>>>>
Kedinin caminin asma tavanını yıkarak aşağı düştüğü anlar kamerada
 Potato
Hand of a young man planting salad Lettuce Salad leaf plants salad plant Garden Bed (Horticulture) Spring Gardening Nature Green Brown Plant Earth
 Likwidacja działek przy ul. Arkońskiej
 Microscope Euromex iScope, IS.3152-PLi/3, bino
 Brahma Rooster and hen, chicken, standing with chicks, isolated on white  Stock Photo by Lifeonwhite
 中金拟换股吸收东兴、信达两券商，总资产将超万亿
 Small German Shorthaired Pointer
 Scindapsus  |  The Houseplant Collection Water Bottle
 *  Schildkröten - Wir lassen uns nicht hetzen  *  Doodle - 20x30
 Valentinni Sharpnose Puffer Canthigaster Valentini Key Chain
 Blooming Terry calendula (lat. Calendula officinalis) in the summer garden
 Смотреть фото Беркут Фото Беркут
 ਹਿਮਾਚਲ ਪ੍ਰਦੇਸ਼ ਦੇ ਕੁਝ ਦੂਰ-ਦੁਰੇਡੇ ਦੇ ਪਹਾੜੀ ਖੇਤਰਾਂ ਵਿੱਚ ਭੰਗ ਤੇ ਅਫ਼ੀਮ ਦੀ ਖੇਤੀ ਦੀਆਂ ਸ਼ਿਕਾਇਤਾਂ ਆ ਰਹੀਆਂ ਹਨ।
<<<<
**ACTION ITEM**
Reproduce only the lines running from the one with "Valentinni Sharpnose Puffer" through the final line of the listing above, both ends included.

**RESPONSE TO THIS TASK**
 Valentinni Sharpnose Puffer Canthigaster Valentini Key Chain
 Blooming Terry calendula (lat. Calendula officinalis) in the summer garden
 Смотреть фото Беркут Фото Беркут
 ਹਿਮਾਚਲ ਪ੍ਰਦੇਸ਼ ਦੇ ਕੁਝ ਦੂਰ-ਦੁਰੇਡੇ ਦੇ ਪਹਾੜੀ ਖੇਤਰਾਂ ਵਿੱਚ ਭੰਗ ਤੇ ਅਫ਼ੀਮ ਦੀ ਖੇਤੀ ਦੀਆਂ ਸ਼ਿਕਾਇਤਾਂ ਆ ਰਹੀਆਂ ਹਨ।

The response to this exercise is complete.